DATA RECORDS: Begin

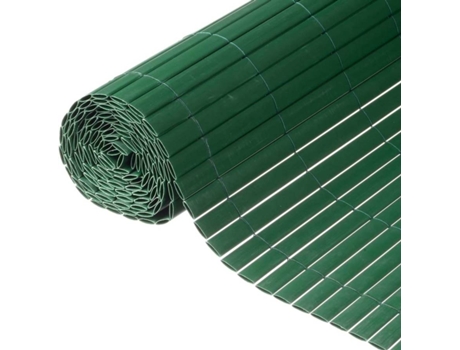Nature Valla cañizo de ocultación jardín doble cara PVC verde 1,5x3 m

DATA RECORDS: End
DATA RECORDS: Begin

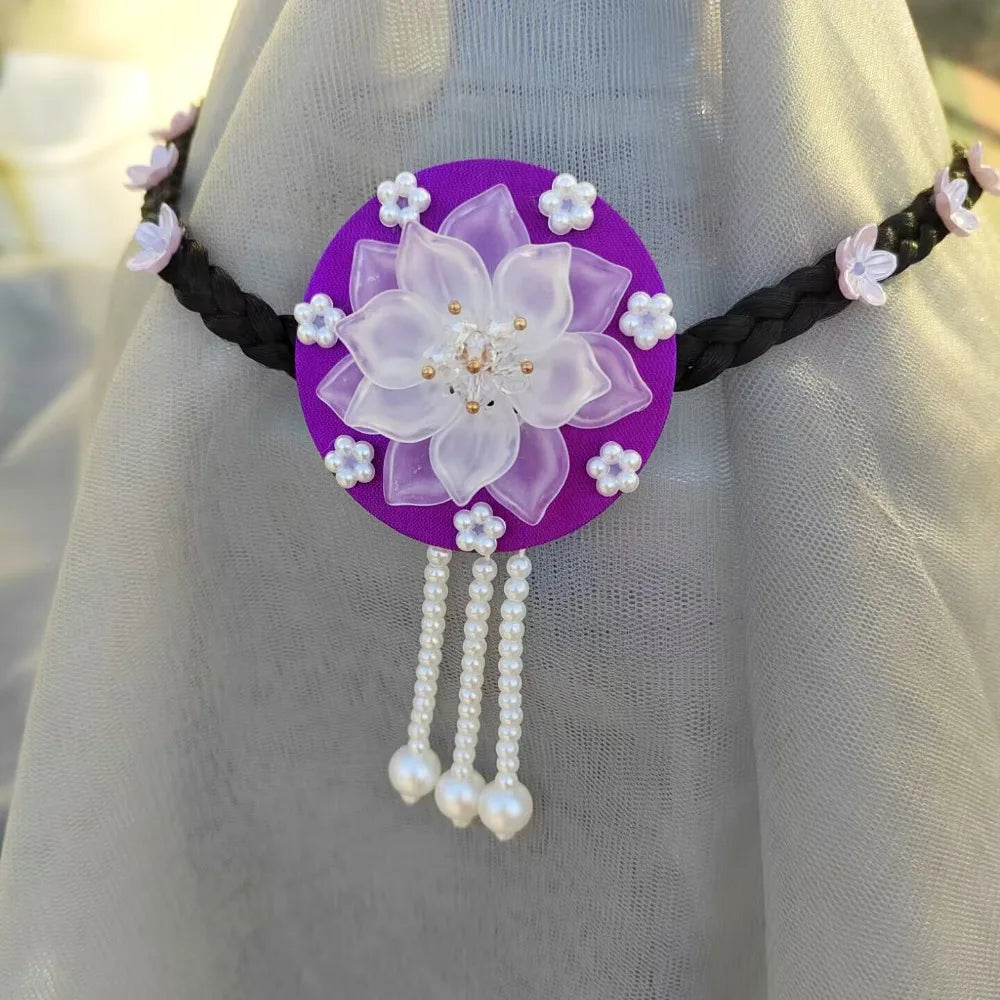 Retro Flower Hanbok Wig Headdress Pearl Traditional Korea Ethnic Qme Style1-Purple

DATA RECORDS: End
DATA RECORDS: Begin

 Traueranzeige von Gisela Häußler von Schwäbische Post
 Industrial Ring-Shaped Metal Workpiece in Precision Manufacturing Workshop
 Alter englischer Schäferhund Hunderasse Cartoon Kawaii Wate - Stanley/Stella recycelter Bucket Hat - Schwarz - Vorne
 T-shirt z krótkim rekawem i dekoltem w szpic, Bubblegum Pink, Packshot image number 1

DATA RECORDS: End

WORK REQUEST: Only one part of the material above is to be transcribed, namely the lines starting with the line that has "Industrial Ring-Shaped Metal" and going on through the line that has "T-shirt z krótkim", exactly as they stand.

FINISHED EXERCISE:
 Industrial Ring-Shaped Metal Workpiece in Precision Manufacturing Workshop
 Alter englischer Schäferhund Hunderasse Cartoon Kawaii Wate - Stanley/Stella recycelter Bucket Hat - Schwarz - Vorne
 T-shirt z krótkim rekawem i dekoltem w szpic, Bubblegum Pink, Packshot image number 1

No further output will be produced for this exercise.